**MATERIAL PROVIDED**
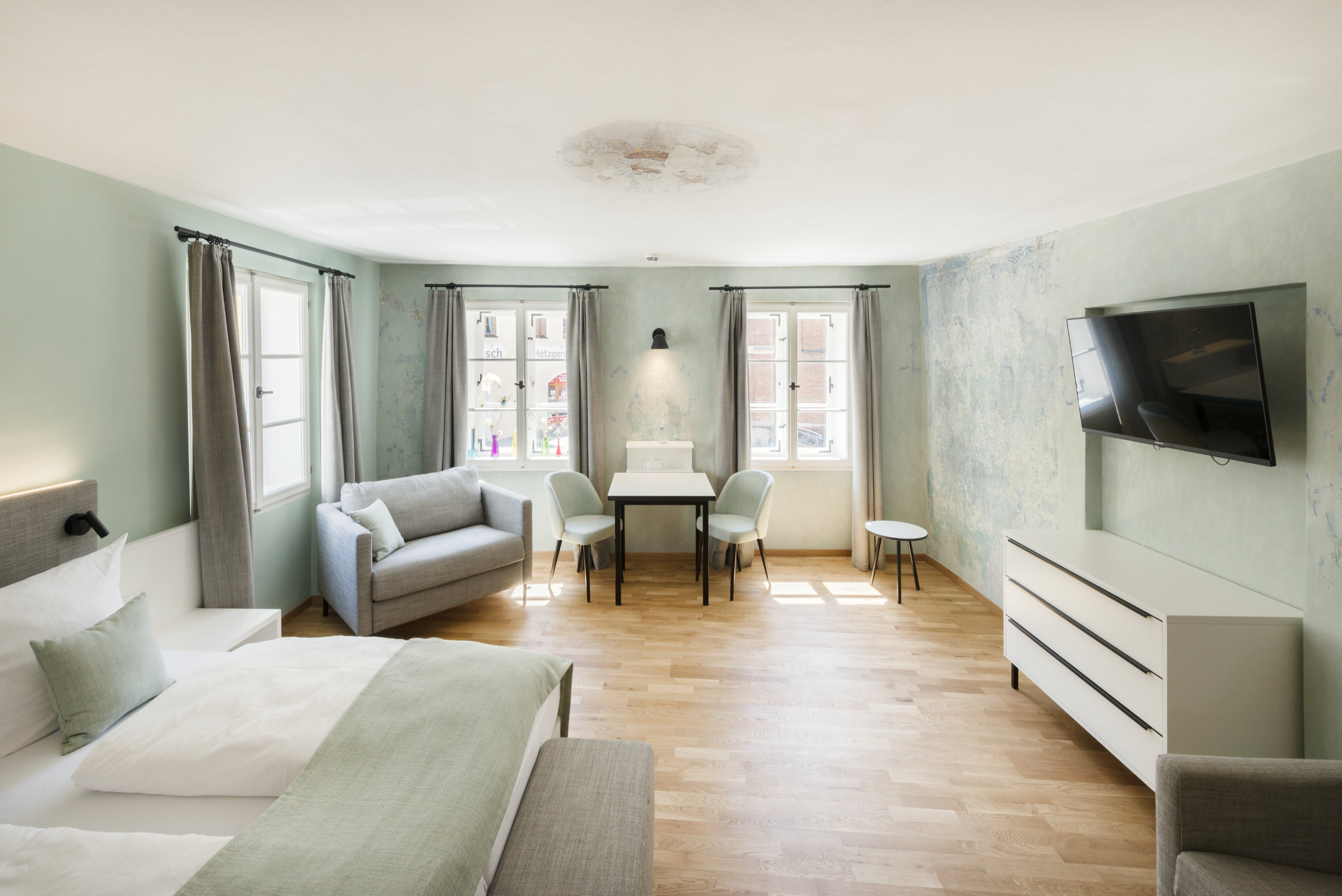 Wandingerhaus Kraiburg Gästezimmer
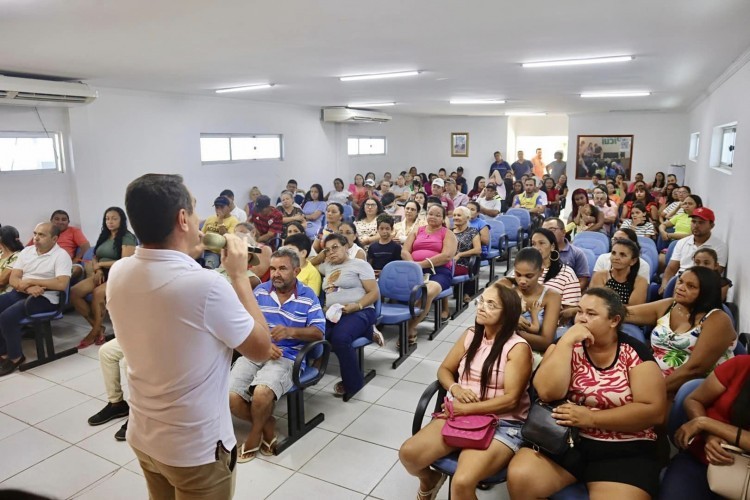 Prefeitura Municipal de Picuí contempla mais 210 picuienses com óculos do Programa Visão para Todos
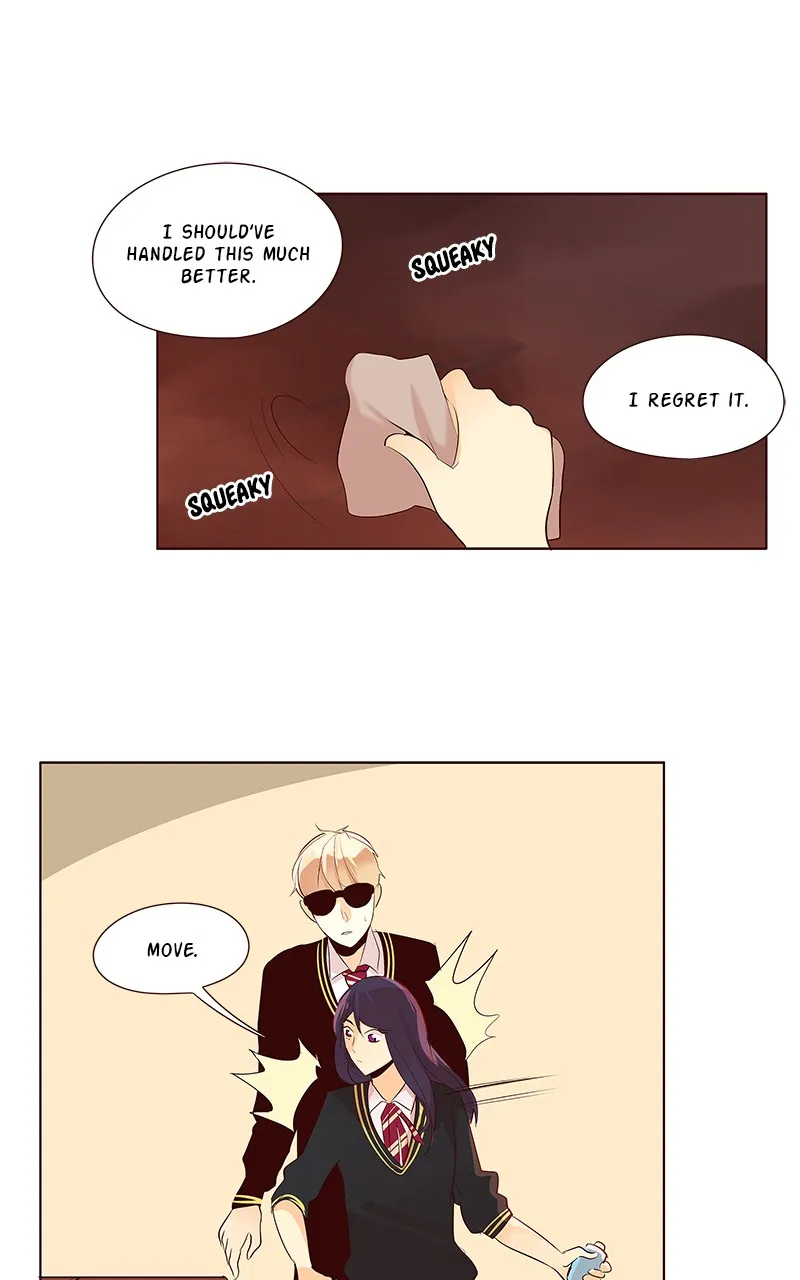 Read Flawless chapter 70 image 27 on Lezhin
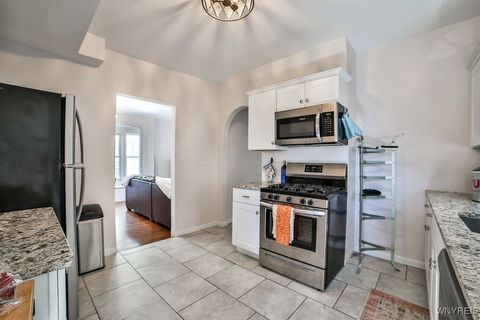 Tiny photo for 41 Hughes Avenue, Buffalo, NY 14208 (MLS # B1641852)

**EXERCISE**
Output the whole listing again, exactly, without its pictures.

**RESPONSE BOX**
 Wandingerhaus Kraiburg Gästezimmer
 Prefeitura Municipal de Picuí contempla mais 210 picuienses com óculos do Programa Visão para Todos
 Read Flawless chapter 70 image 27 on Lezhin
 Tiny photo for 41 Hughes Avenue, Buffalo, NY 14208 (MLS # B1641852)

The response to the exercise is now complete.